Kjell Johansson - „Die Traumseglerin“

Donnerstag, 5. März 2009

(Claassen, 336 S., HC)
Als Evas Mutter im Juni 1993 beerdigt wird, empfindet sie wenig Trauer, sondern eher ein Gefühl der Erleichterung und Befreiung. Auf der anderen Seite erfasst die Lehrerin an einem Abendgymnasium eine seltsame Unruhe. Als sie mit ihrem Bruder Einar am nächsten Tag die letzten Sachen ihrer Mutter aus der Wohnung ihrer Mutter räumt, beschließt sie, nach Skogstorp zu fahren, wo sie mit ihrem Bruder mal einen Sommer bei ihren Verwandten verbracht hatte.
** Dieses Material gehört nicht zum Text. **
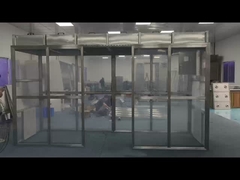 Salas limpas modulares de cuidados de saúde e dispositivos médicos: espaços de fabricação compatíveis com a FDA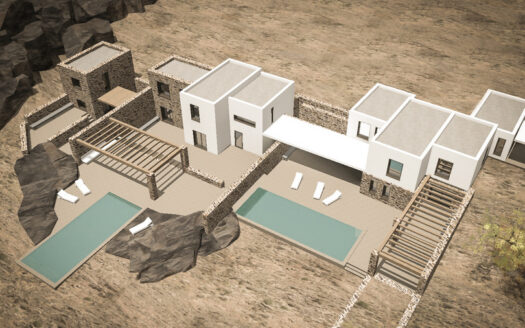 Ready-to-Develop Investment in Mykonos-DR115225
Im November macht sie sich schließlich auf den Weg und stattet ihrer Tante Helga, Onkel Elis, ihrem Cousin Bruno und allen weiteren Verwandten einen Besuch ab.
Die Erinnerungen an den geheimnisvollen Landstreicher, dem sie zu essen brachten, an ihren gleichaltrigen Freund Axel und andere Jungs, mit denen sie flirtete, scheinen Evas eintönigem Leben als Lehrerin wieder etwas Glanz zu verleihen, doch der Aufenthalt in Skogstorp bleibt nicht ganz ohne Konflikte und Eifersuchtsszenen. Mit der Zeit weiß Eva nicht mehr, ob sie ihren Erinnerungen trauen darf, denn immer wieder werden schreckliche Ereignisse von damals ins Hier und Jetzt reflektiert, so dass Traum und Wirklichkeit, Gegenwart und Vergangenheit immer diffuser ineinander übergehen… Sehr gefühlvolle wie aufwühlende Geschichte über die merkwürdige Kraft der Erinnerungen.
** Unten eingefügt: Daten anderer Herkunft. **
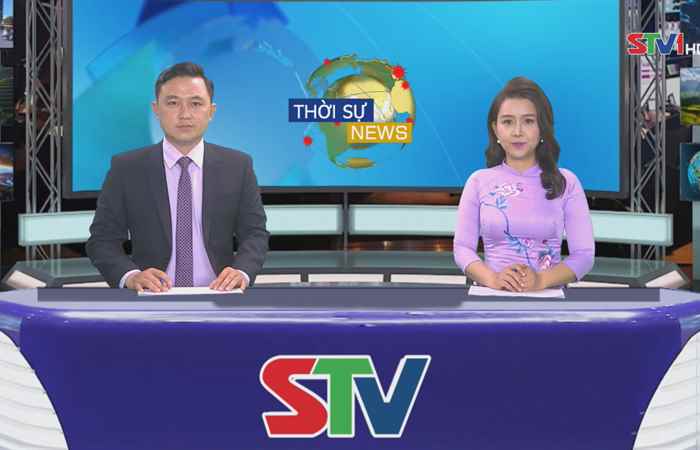  04-03-2022 Thời sự THST 18h30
Kenneth Cook - „In Furcht erwachen“

(C.H. Beck, 191 S., HC)
Nachdem er ein Jahr lang 28 Schüler zwischen fünf und siebzehn in der Schule des australischen Wüstendorfes Tiboonda unterrichtet hatte, stehen dem jungen Lehrer John Grant sechs Wochen bezahlte Winterferien bevor, die er in Sydney bei Verwandten verbringen möchte, um dort nach einem neuen Job zu suchen. Mit seinem Lohnscheck über hundertvierzig Pfund und zwanzig Pfund Bargeld macht er sich nach am Abend auf den Weg nach Bundanyabba, von wo er tags darauf mit dem Flugzeug weiter nach Sydney fliegen will. Doch dann zieht es ihn in das schummrige Hinterzimmer einer Kneipe, wo er sich schnell an einem Two-up-Münzwettspiel beteiligt.
Berauscht von seinem unverhofften Gewinn über zweihundert Pfund macht er sich auf den Weg ins Hotel und überlegt, was er mit dem Geld anfängt. Grant beschließt, sein Glück noch einmal zu versuchen, kehrt in den Club zurück – und verliert alles! Was folgt, ist eine wenig erbauliche Reise. Er betrinkt sich besinnungslos, geht mit ein paar Typen auf Känguru-Jagd und versucht, nach Sydney zu trampen. Dabei wird ihm immer wieder bewusst, dass er auch andere Entscheidungen in seinem Leben hätte treffen können … Das 1961 erstmals veröffentlichte Buch des 1987 verstorbenen Kenneth Cook ist nicht nur als „Outback“ erfolgreich verfilmt worden, sondern die erschütternde Geschichte in der existentialistischen Tradition von Camus und Hemingway ist auch Schullektüre in Australien geworden.